BATHURST Regional Council has to be prepared to commit significant money itself to secure financial support from the NSW Government to expand Hereford Street.
According to councillor Warren Aubin, the concept design for Hereford Street is being finalised by consultants and expected to be done before the end of the year.
The plans include replacing the low level bridge and expanding Hereford Street to four lanes up to the Gilmour Street intersection, which is also set to get an upgrade.
Cr Aubin said it would be "at least three years" before work gets under way on the project, but once complete it would significantly alleviate traffic congestion.
The project is estimated to cost $50 million, and he said council will need financial assistance from higher levels of government to fund a project of this magnitude.
"All tiers of government are going to have to put in for this kind of infrastructure. Council can't afford on its own to be putting that sort of money into one road, it's going to take a joint effort of governments," he said.
"It'll be done. It has to be done, because with our growth zone - and it's our major growth zone - at Kelso, the infrastructure is just being left behind with what's going on in developments."
But Member for Bathurst Paul Toole, who is also the Minister for Regional Transport and Roads, said council will have to do much more work before the NSW Government would consider contributing funds.

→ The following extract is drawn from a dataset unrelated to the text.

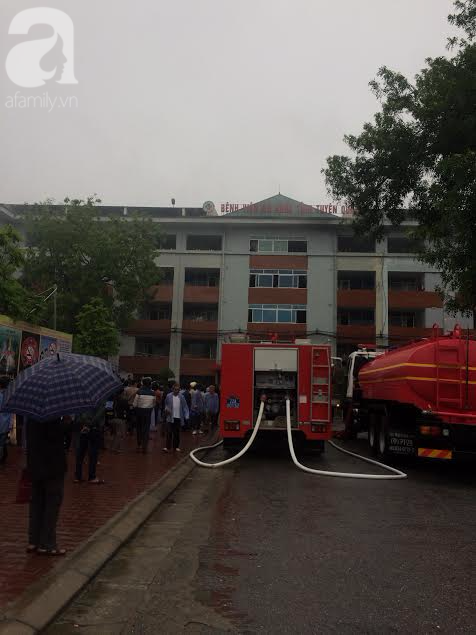 Bệnh nhân tháo chạy trong vụ cháy tại Bệnh viện Đa khoa tỉnh Tuyên Quang - Ảnh 3.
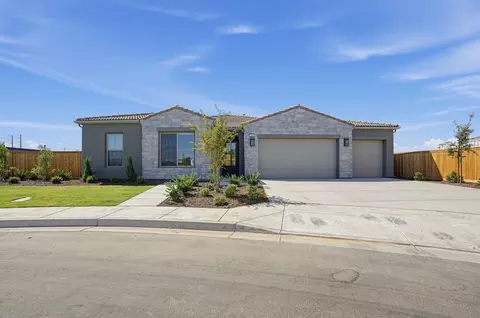 3909 Canyon Ct, Shafter, CA 93263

"This is a local road, it is a local council responsibility, it is something that [the NSW Government] can advocate for, but council have got to do some of the work themselves and they've got to commit some serious dollars to do it," he said.
"Council would need to put some dollars on the table for the project. They've allowed the development to continue to a problem where there is congestion; they've created the gridlock and the congestion on Hereford Street.
"They would need to put some dollars up to address the growth of the city that has occurred in that area."
Mr Toole indicated that one method council should employ to fund an upgrade of Hereford Street is developer contributions.
"As the city's grown, developer contributions would be with the council and they should have been invested back into this particular road," he said.
More planning, design and costing work would need to be done on the project and, once council completes those early steps, the NSW Government could consider a request for funding.
"It is a local road. It is the responsibility of the local council, but there are programs there to support councils from time to time and we'd be happy to advocate for that, but council has a lot of work they still have to undertake," Mr Toole said.